German escapes Colombian rebels
BOGOTA, Colombia --A German aid worker being held hostage in Colombia
has
escaped his captors.
Thomas Kuenzel escaped during the confusion caused by a military offensive
and
was taken to the city of Popayan by Colombian soliders, an army statement
added.
He was kidnapped with his brother Ulrich and fellow German government
aid
agency worker Reiner Bruchmann in Cauca province, southwestern Colombia,
on
July 18.
A statement issued by the army said: "Thanks to the pressure exerted
by the troops,
German citizen Thomas Kuenzel fled his captors and was rescued by Third
Brigade
soldiers."
No further details of Kuenzel's escape from the rebels were released by the army.

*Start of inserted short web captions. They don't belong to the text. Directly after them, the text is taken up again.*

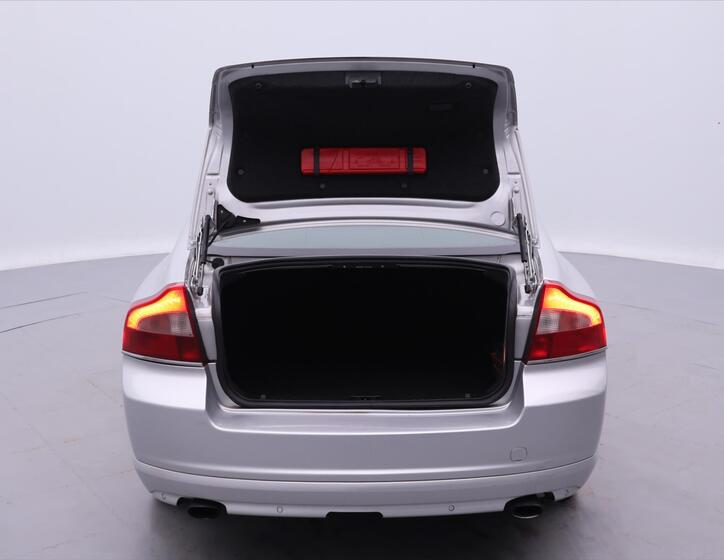 Volvo S80 9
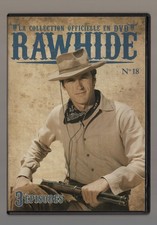Rawhide clint eastwood d'occasion  Le Thillot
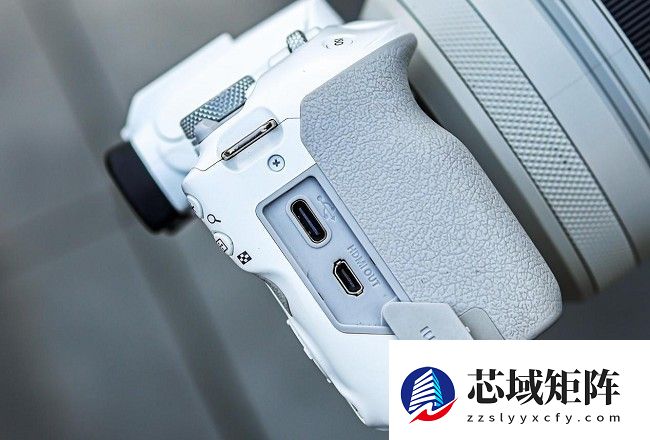 兼顾轻便与性能 佳能EOS R50拍摄体验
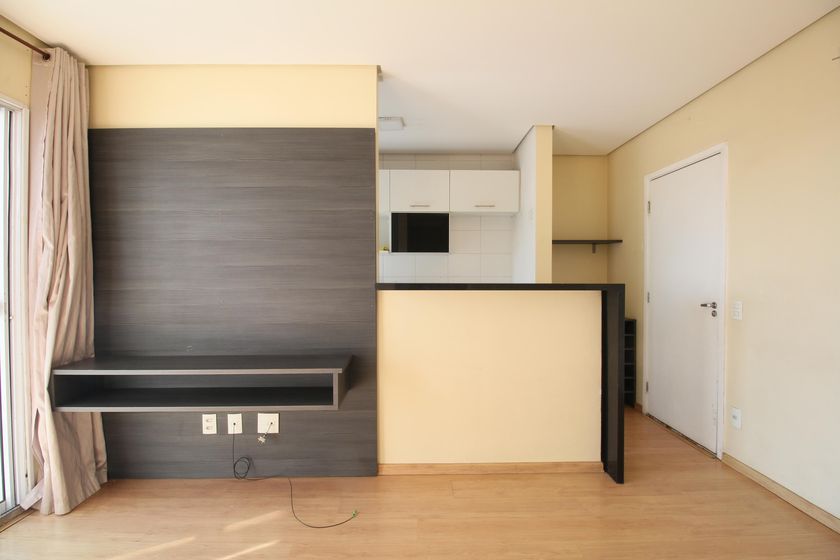 Apartamento em Parque Reboucas - Ansicht 3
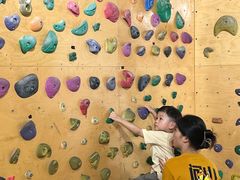 -问山MountQuest攀岩馆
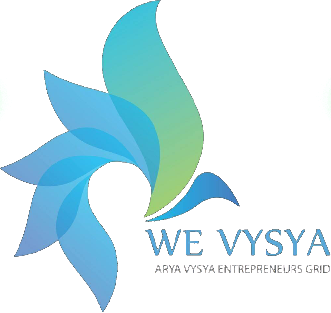 WE VYSYA logo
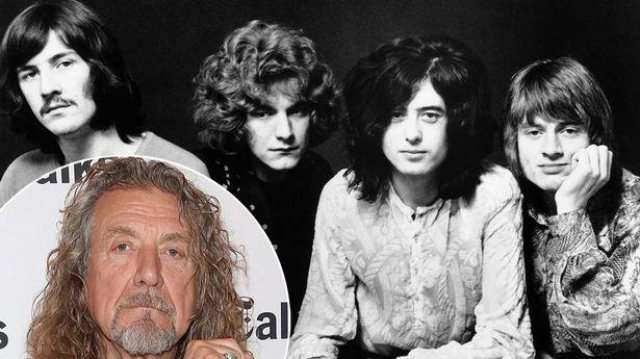 Led Zepplin Led Zepplin
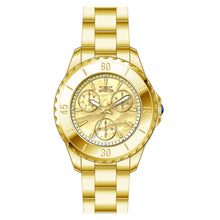 Cargar imagen en el visor de la galería, RELOJ PARA MUJER INVICTA ANGEL 29107 - ORO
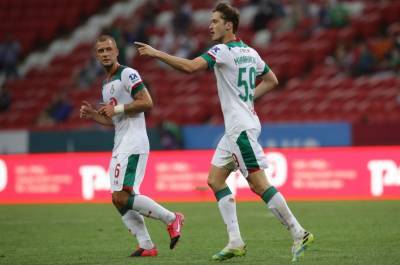 Новый сезон Российской премьер-лиги стартует 8-9 августа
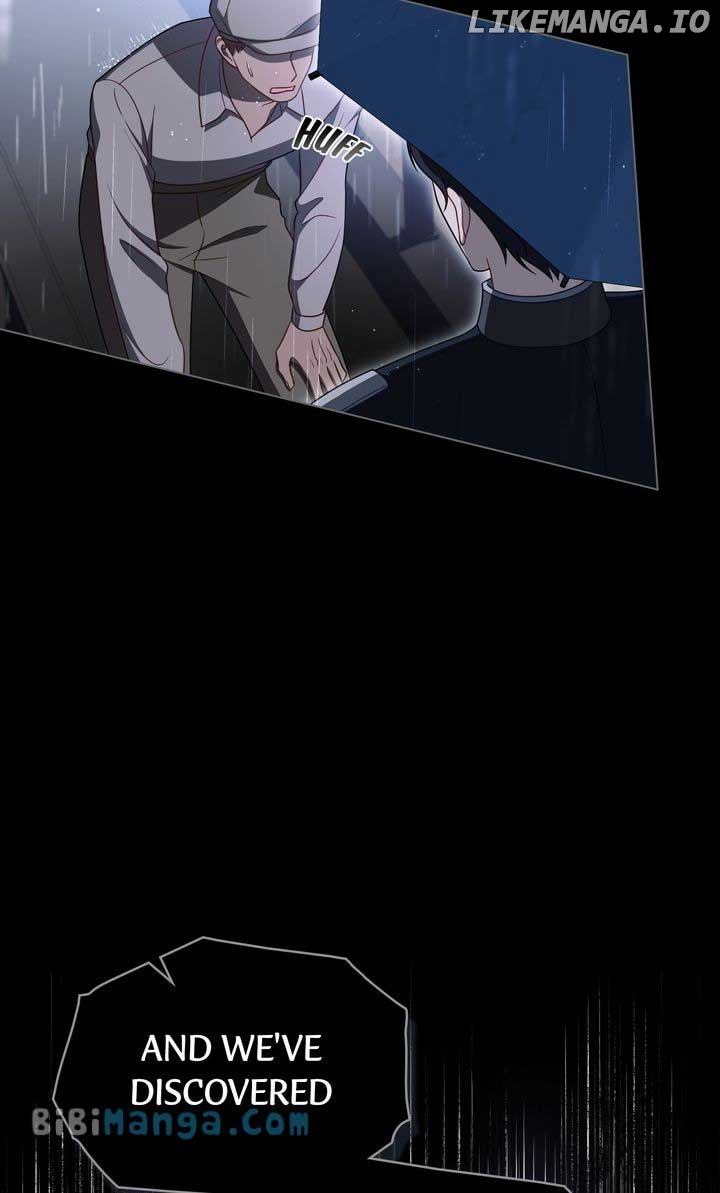 May God Bless Your Demise Chapter 34 - page 59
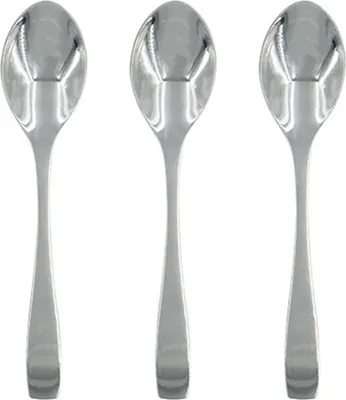Produktbild von Kaffeelöffel 3 Stück Louisa Michelino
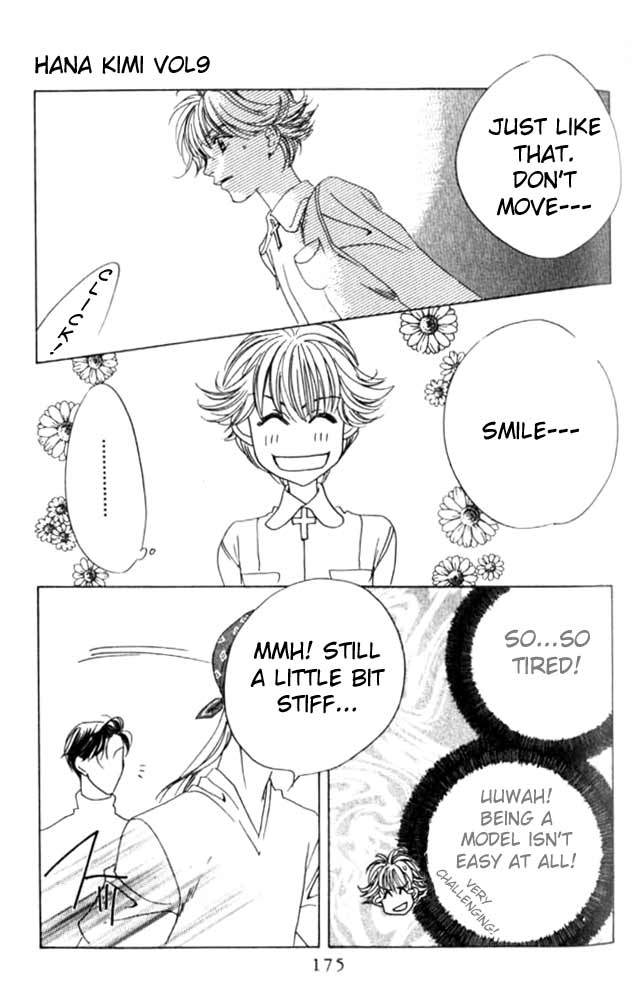 Read Hana-Kimi ENGLISH Manga Online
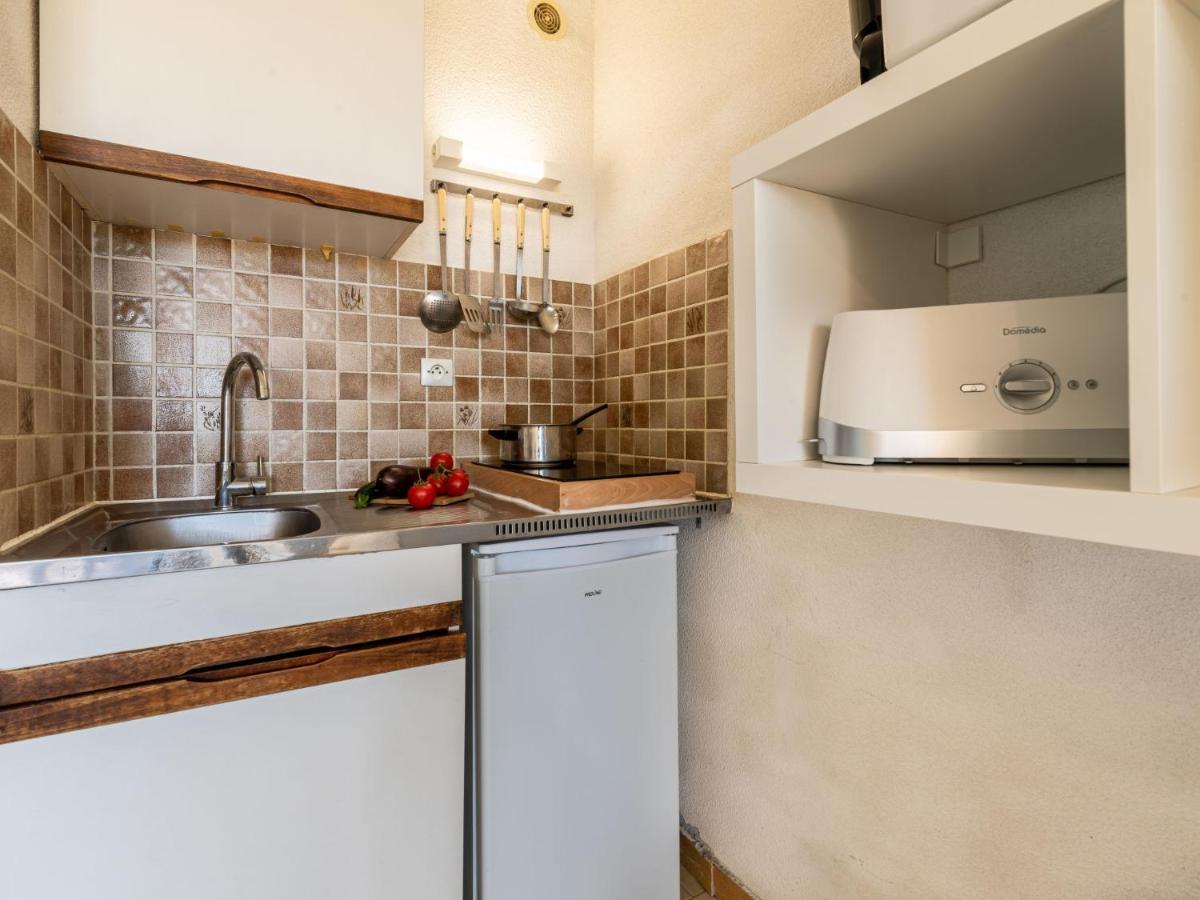 Studio Los Amigos-6 By Interhome Le Grau-du-Roi Kültér fotó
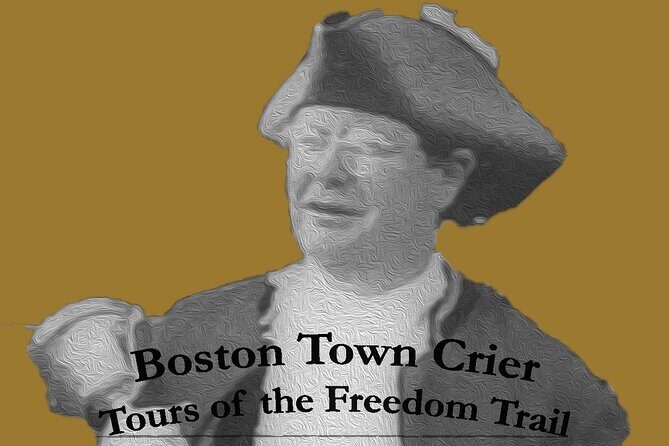 Private 1.5-Hour Freedom Trail Walking Tour with Costumed Guide - The Sum Up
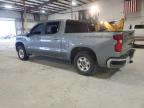 Lot #3303975685 2021 CHEVROLET SILVERADO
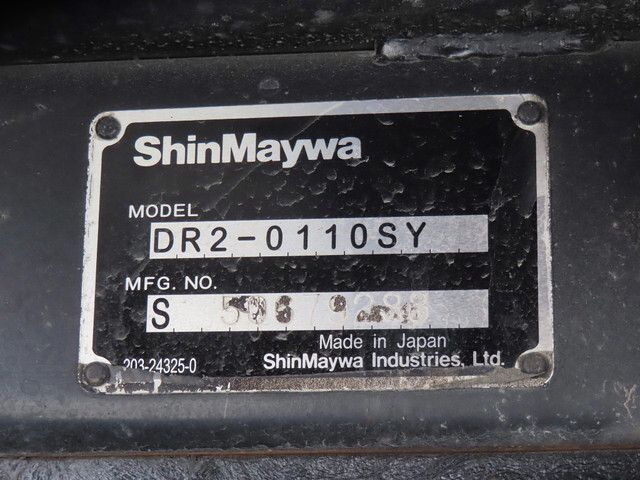 いすゞエルフダンプ小型（2t・3t）[写真24]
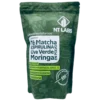 Linaza_molida_con_te_matcha_saludsabor.com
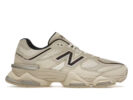 New Balance 9060 Turtledove Black Silver Metallic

But German officials in Popayan, 240 miles southwest of the capital
Bogota, said
Kuenzel appeared to be in relatively good condition after his time
in the hands of the
Revolutionary Armed Forces of Colombia -- a Marxist group known by
the Spanish
initials FARC.
Kuenzel has indicated that the two still in captivity were also in good
health given
their circumstances, German embassy spokesman Herbert Behrendt told
the Reuters
news agency
"We are awaiting the results of a further debriefing," Behrendt said.
"We demand the
freedom of the other two," he said. Separately, an army official said
it seemed a U.S.
citizen captured by another rebel army in the northern province of
Santander might
have been killed.
Law enforcement agencies were investigating if a corpse found buried
in a small
Santander town was that of the unidentified American.